• _EXERCISE GOAL_: All of the data below should be repeated exactly. Pictures should not be included.

• _GIVEN MATERIAL_:
----------------------------------------

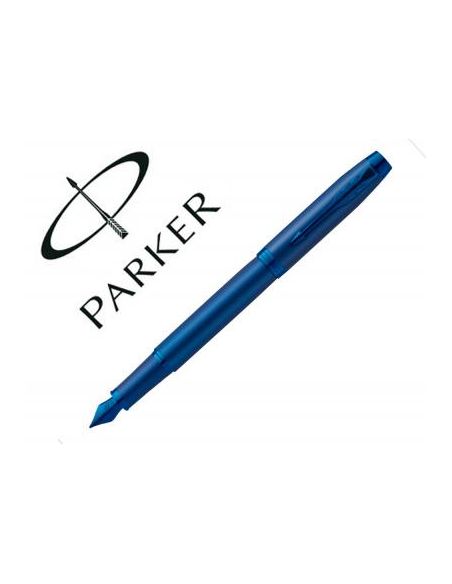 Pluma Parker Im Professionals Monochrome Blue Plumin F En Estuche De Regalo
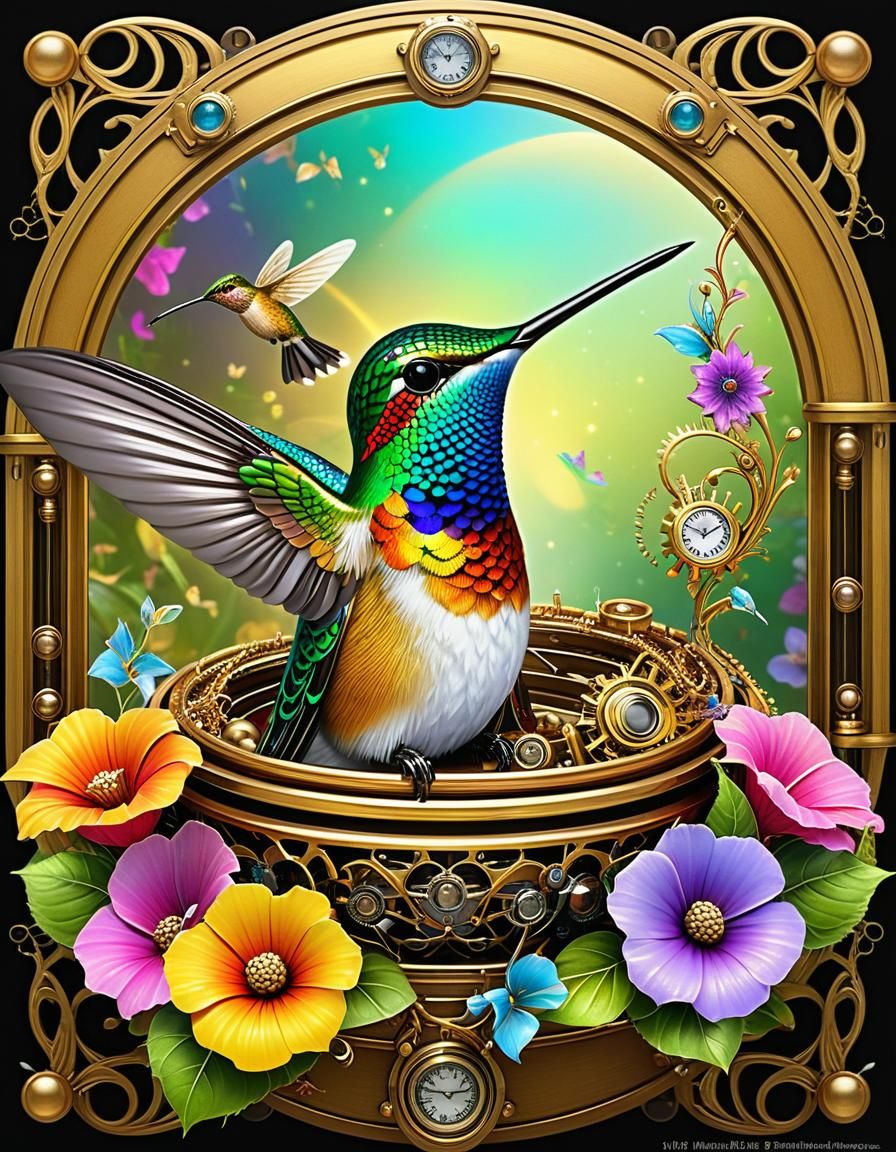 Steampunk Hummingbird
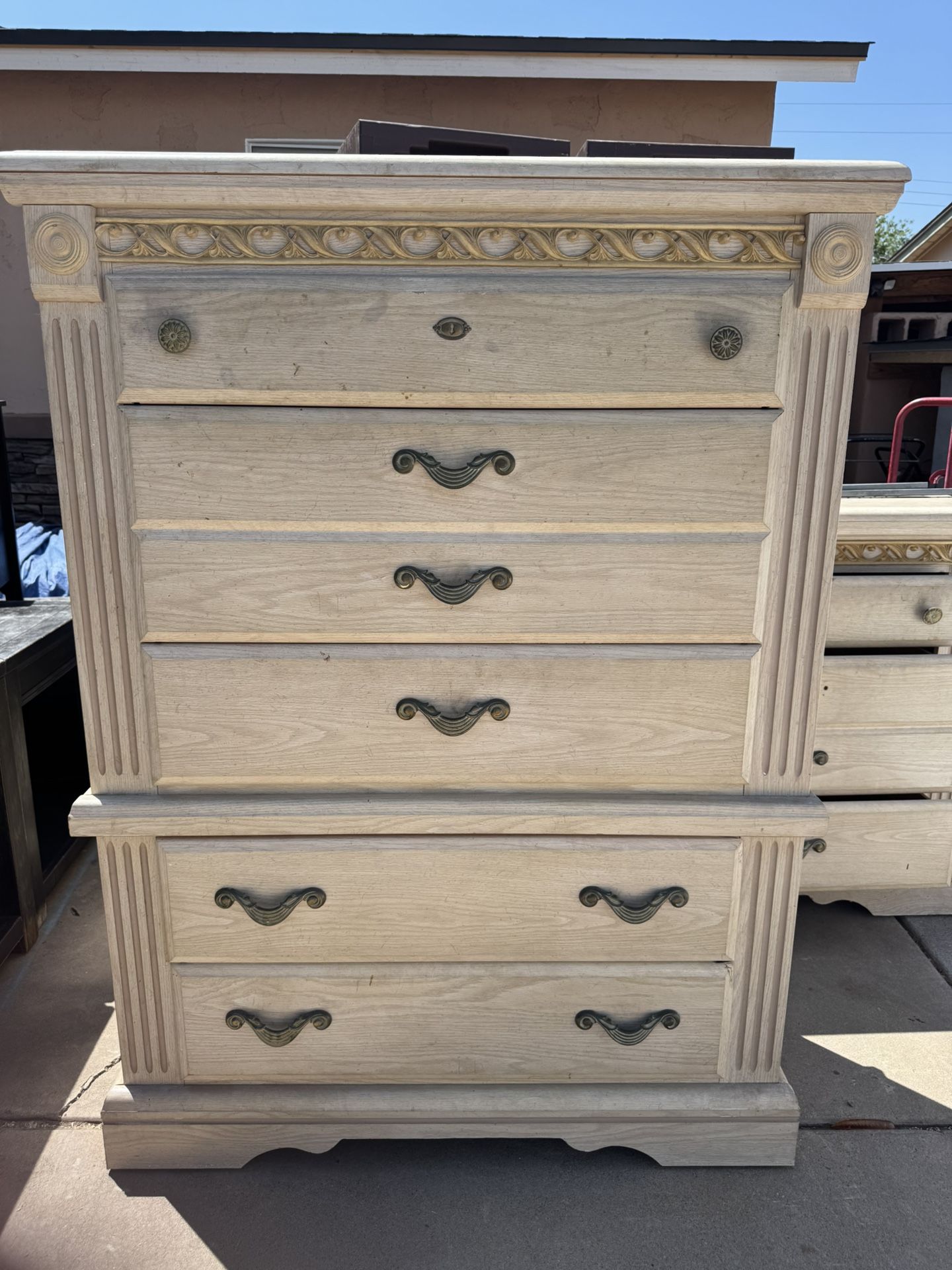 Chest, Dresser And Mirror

----------------------------------------

• _SOLVED EXERCISE_:
 Pluma Parker Im Professionals Monochrome Blue Plumin F En Estuche De Regalo
 Steampunk Hummingbird
 Chest, Dresser And Mirror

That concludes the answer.